The Windsor Bridge, officially called the Hawkesbury River Bridge, Windsor, a beam bridge across the Hawkesbury River, is located in  in north-western Sydney, New South Wales, Australia. The bridge was built in 1874. On 18 May 2020, the replacement bridge was opened to traffic within Windsor, NSW.

History 
The Windsor Bridge was a significant contributor to the early economic contributions of the Hawkesbury and Central West regions, and more than 20,000 vehicles per day still use this crossing, its engineering significance in having stood the test of time and flood is obvious. The area is also noted to contain an early wharf.

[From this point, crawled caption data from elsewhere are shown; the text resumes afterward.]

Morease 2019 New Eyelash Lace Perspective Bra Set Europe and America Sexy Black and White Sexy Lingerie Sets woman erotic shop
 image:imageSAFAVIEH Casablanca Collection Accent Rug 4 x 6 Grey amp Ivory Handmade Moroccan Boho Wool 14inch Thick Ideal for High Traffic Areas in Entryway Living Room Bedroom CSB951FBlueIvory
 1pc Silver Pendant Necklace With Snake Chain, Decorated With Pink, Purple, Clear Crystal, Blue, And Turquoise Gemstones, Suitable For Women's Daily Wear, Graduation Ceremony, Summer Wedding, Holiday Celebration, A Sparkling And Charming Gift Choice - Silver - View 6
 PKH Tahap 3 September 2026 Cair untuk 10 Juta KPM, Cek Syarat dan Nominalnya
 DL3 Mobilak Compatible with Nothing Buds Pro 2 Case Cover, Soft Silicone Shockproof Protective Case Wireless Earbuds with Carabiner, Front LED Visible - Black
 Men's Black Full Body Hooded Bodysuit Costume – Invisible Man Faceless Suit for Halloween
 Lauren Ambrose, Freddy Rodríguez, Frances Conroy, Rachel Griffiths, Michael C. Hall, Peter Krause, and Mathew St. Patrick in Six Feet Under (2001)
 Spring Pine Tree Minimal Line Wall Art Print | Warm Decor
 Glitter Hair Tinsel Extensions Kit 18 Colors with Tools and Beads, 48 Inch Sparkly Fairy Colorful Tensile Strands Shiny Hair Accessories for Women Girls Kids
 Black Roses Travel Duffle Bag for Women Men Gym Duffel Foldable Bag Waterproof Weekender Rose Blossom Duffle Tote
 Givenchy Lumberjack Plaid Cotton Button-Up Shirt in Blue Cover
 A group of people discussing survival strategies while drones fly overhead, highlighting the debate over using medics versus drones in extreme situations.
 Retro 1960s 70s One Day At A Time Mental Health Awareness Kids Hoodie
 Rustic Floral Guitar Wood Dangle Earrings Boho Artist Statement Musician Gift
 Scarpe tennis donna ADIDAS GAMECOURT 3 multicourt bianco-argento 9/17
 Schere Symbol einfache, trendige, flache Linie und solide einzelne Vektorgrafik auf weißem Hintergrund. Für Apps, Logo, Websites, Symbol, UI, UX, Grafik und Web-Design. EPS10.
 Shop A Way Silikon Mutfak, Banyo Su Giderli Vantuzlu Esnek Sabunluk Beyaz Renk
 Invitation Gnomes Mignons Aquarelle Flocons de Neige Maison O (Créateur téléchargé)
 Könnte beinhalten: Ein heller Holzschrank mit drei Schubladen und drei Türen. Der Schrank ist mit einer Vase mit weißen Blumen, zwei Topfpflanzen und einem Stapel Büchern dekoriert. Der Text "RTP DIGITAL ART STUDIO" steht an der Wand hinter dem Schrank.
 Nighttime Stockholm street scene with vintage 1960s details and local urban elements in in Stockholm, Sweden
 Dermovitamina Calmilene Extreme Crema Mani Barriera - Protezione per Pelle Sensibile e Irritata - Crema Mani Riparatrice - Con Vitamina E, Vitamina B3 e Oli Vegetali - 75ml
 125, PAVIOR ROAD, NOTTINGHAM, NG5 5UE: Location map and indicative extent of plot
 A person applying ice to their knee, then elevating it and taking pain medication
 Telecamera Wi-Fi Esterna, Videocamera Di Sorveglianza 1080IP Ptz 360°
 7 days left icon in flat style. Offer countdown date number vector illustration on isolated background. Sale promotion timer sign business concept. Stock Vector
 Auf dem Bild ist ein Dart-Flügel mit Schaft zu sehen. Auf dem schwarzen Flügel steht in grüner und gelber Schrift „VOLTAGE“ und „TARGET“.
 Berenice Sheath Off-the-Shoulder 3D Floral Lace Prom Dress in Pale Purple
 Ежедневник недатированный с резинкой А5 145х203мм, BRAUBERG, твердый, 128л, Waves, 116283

The area leading to Windsor Bridge is called Thompson Square.  Established in 1795 as the government domain and military precinct of the Hawkesbury outpost settlement, early convict-built clay brick drains that have been the subject of Hawkesbury historical knowledge since 1814 are extant.  Many old-time local residents have spoken of traversing the 1814 convict built brick barrel drains in years gone by.  With the Windsor Bridge Replacement Project underway, this significant and complex network of a potentially unique colonial drainage system has had significant portions removed within the project area by the NSW RMS.  These drains have been exposed, some removed. A number of drains have been protected by encasing within polystyrene under a two-storey-high concrete bridge abutment during construction.

Heritage listing
The Windsor Bridge was listed on the heritage and conservation register of the Roads & Maritime Services on 21 October 2004 with the following statement of significance:

Bridge replacement
In December 2013, the Government of New South Wales gave planning approval to the construction of a new bridge to replace the existing 1874 Windsor Bridge that, due to safety reasons, have been disputed. The old bridge is to be demolished after the new bridge opens. Roads & Maritime Services proposed to construct the new bridge  downstream from the existing bridge. The approach road to the new bridge is proposed to be built along one side of the Thompson Square, Australia's oldest public square on a currently existing road. The new bridge proposal is objected to by in excess of 45,000 people, on the grounds that it will keep and increase heavy traffic in a historic town centre, and destroys the town's character and heritage. Some who favour the proposal claim the new bridge would greatly reduce traffic congestion in the area, in direct contradiction to quite a number of government traffic studies and documents. In October 2015, a legal challenge to stop the new bridge failed.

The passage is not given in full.